As part of the interview, I’m giving away my ARC copy of Gail’s latest, A Ceiling Made of Eggshells, debuting on May 12th, 2020, for HarperCollins.

To win your copy, all you have to do is share this episode of the Good Story Podcast somewhere on your social media, and supply the URL for your share. (All Facebook posts, Tweets, and Instagram posts, for example, have individual post addresses that you can copy and paste into the form below.)

Feel free to use this graphic if you want to blog or post about this episode:

Gail Carson Levine

To facilitate the giveaway process, I’m linking you to a Google Form to collect your entry, including your mailing address, since this is an ARC giveaway.  Once you’re ready, you can fill it out, below. Entries are due April 22nd, 2020 at midnight, CST!

Good luck! I can’t wait to share this amazing story with one lucky winner. For more on the wonderful Gail Carson Levine, please check out her Instagram and blog.

Introducing Story Mastermind

Have you ever wanted to take a small group writing workshop intensive program in your pajama pants? Well, here’s your chance!

Those of you who know me, know I’m not the most productive person. I take my time. I don’t bite off more than I can chew. JUST KIDDING. I’m a maniac. In fact, I sell a shirt over at Good Story that says “Beast mode is the best mode,” because this happens to be my personal motto.

So, in addition to shepherding my dozens of current editorial clients (and a team of ten) through the current apocalypse, launching a digital learning resource about marketing for writers (more on that soon), and, I don’t know, actively trying not to die, I have developed a new intensive small group writing workshop program called Story Mastermind!

story mastermind, writing workshop, small group writing workshop, writing intensive, remote writing workshop

Introducing Story Mastermind

What is Story Mastermind? Well, good question. It’s a small group writing workshop that you can do from home. Originally, my dream was to throw an in-person writing intensive over the course of a long weekend. This is my favorite working style for writers conferences, and so it has always been my dream to launch my own.

The climate for in-person events has recently shifted. Drastically.

I’m no longer dreaming of an in-person opportunity, at least for now.

Besides, I think we all are learning that we can be productive at home, and it’s less hassle and expense than traveling somewhere. So I thought …

Why not change with the times and offer this type of opportunity remotely?

I also decided that I could get a lot more teaching done by expanding the scope of the writing intensive. Sure, attendees benefit from one very intense weekend of programming. But what about something that’s between a conference and an MFA program?

What if I could promise some really amazing deliverables? Well, I’d need more time with the students. But not two years, like a lot of MFA programs. What about six months?

The Structure of Story Mastermind

Here is the result of my brainstorm: a six-month writing workshop intensive.

Our initial session is launching July 1st and will run through the end of the year. Another cohort will launch January 1st.

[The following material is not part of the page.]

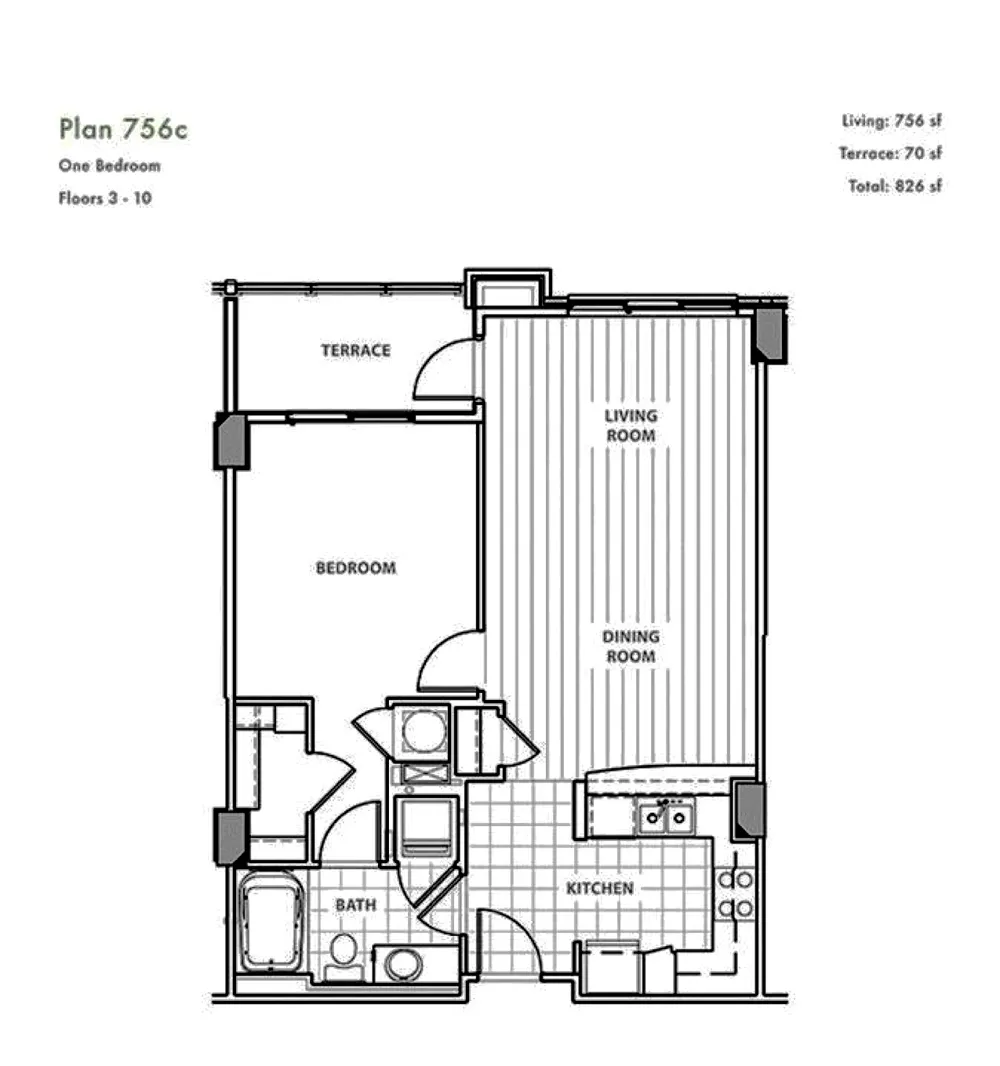 54 Rainey Street #811 Austin, TX 78701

Who is this program for? Well, three types of writer, to start:

  1. Novelists working on a new draft
  2. Novelists working on a revision of a draft
  3. Picture book writers

For the novelists, I am looking for middle grade and young adult writers only. Other masterminds (adult fiction, individual genre fiction, memoir, etc.) may become available according to demand, but for now, I’m starting in my home base of children’s fiction.

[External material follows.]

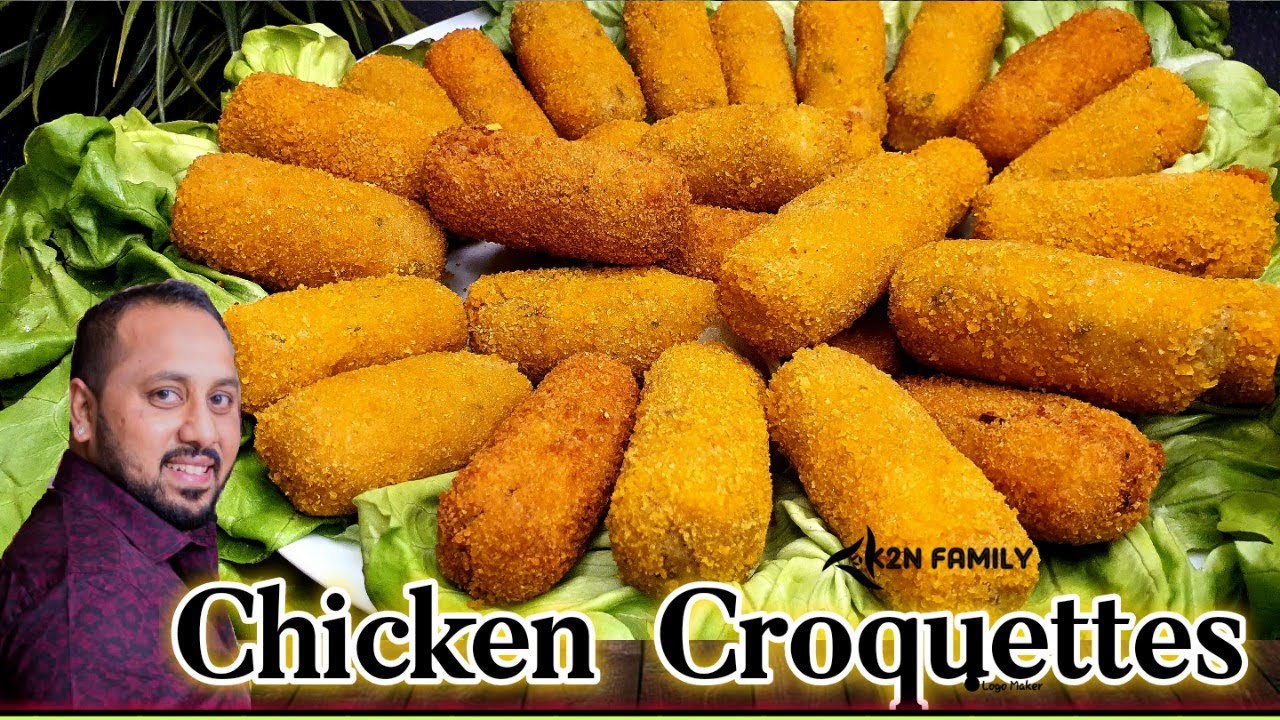 Chicken  Croquettes | Croquettes | Chicken Recipe | Snack recipe | Goan Recipe | Easy Recipe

For six months, we will do small group video sessions online every other week. (There will be one month of preparation before the class starts so we can all be on the same page with one another’s writing.) These sessions will be mostly workshop driven, with some lecturing from me and one other dedicated staff member. Group sizes will be small: six writers per novel cohort, and twelve writers per picture book cohort.

At the end of our time together, the three types of writer will have:

  1. Novel Mastermind students leave with a complete and fully workshopped first manuscript draft
  2. Revision Mastermind students leave with a fully polished and workshopped final manuscript draft and a submission plan
  3. Picture Book Mastermind students will leave with six fully workshopped and polished manuscripts and a submission plan

The goal of many MFA programs is to support you in creating one manuscript, which is considered your thesis. Most programs last two years and cost upwards of tens of thousands of dollars—even the remote, low-residency options.

That just doesn’t fit our contemporary world, or the lifestyles of a lot of my clients. That’s why I’m so happy to start offering Story Mastermind as an alternate solution for busy modern writers who still want workshop, who still want an industry focus, and who still want to create creative output that will help them reach their goals.

Learn More and Apply

Applications for the first session of Story Mastermind are now live. They are due by April 17th. You can read over the Story Mastermind website, dive into the FAQ, learn about pricing, and access the application here.

This is the first session and it will be a learning experience for me and my team, as well as the writers who are accepted into the program. As such, the pricing is be lower than it will ever appear again. Future sessions are going to be priced more competitively, to reflect the incredible amount of work and personal attention that this program demands.

The great news is that one or two seats per cohort are reserved for a “pay what you can” scholarship–more important now than ever.

Applications are already flooding in, and we will have a very tough admissions process on our hands behind the scenes. If you’re at all interested, please check out the Story Mastermind website to learn more.

 

Novel Outline Template

By very, very, very popular demand, here’s a PDF download of a novel outline template. You have been asking for one for years, but the closest I’ve ever written is this short article on a novel synopsis. Well, I’ve rectified that today!

You can also grab it directly via this Google Drive link. (To use the document in your own Google Drive, simply make a copy of it by going to the File menu, then to “Make a copy”. You won’t be able to edit the original because I want everyone to have this template.)

novel outline template
Fill in this template to start charting your own novel outline. It’s good stuff!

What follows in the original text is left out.